### [WHAT THIS TASK INVOLVES]
Please return the listing exactly as it stands, skipping any pictures.

=== RAW DATA ===

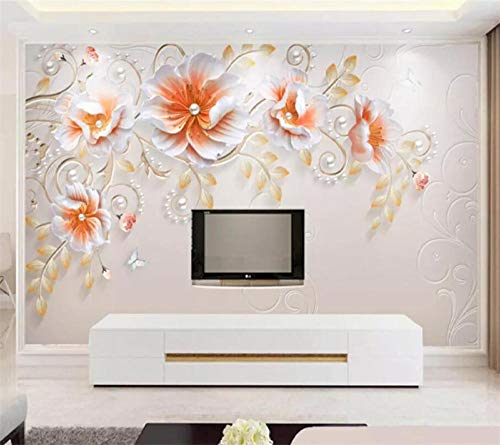 Benutzerdefinierte Tapete 3D Fototapete Geprägt Moderne Minimalistische Blume Offenes Wohnzimmer 3D Dekorative Malerei 3D Tapete,350(W)*256(H)Cm von Xcstdjx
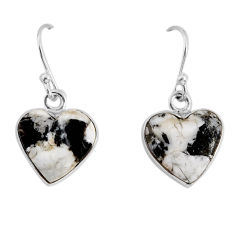 7.93cts natural black zebra jasper heart shape 925 silver dangle earrings y80008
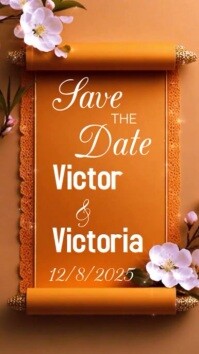 Orange Modern & Minimal Save The Date  Digital Display (9:16) template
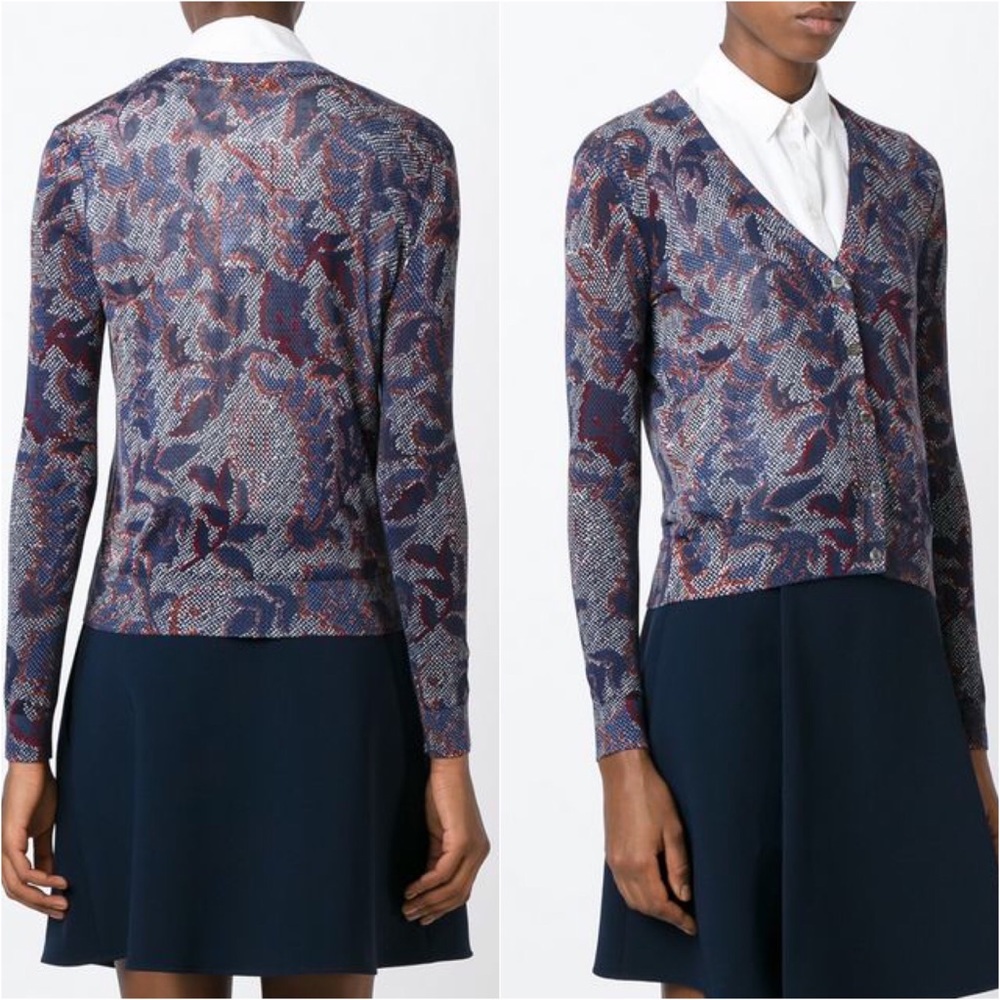 Tory Burch Foliage Print Cardigan - Picture 2 of 8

===

### [WRITTEN RESPONSE]
 Benutzerdefinierte Tapete 3D Fototapete Geprägt Moderne Minimalistische Blume Offenes Wohnzimmer 3D Dekorative Malerei 3D Tapete,350(W)*256(H)Cm von Xcstdjx
 7.93cts natural black zebra jasper heart shape 925 silver dangle earrings y80008
 Orange Modern & Minimal Save The Date  Digital Display (9:16) template
 Tory Burch Foliage Print Cardigan - Picture 2 of 8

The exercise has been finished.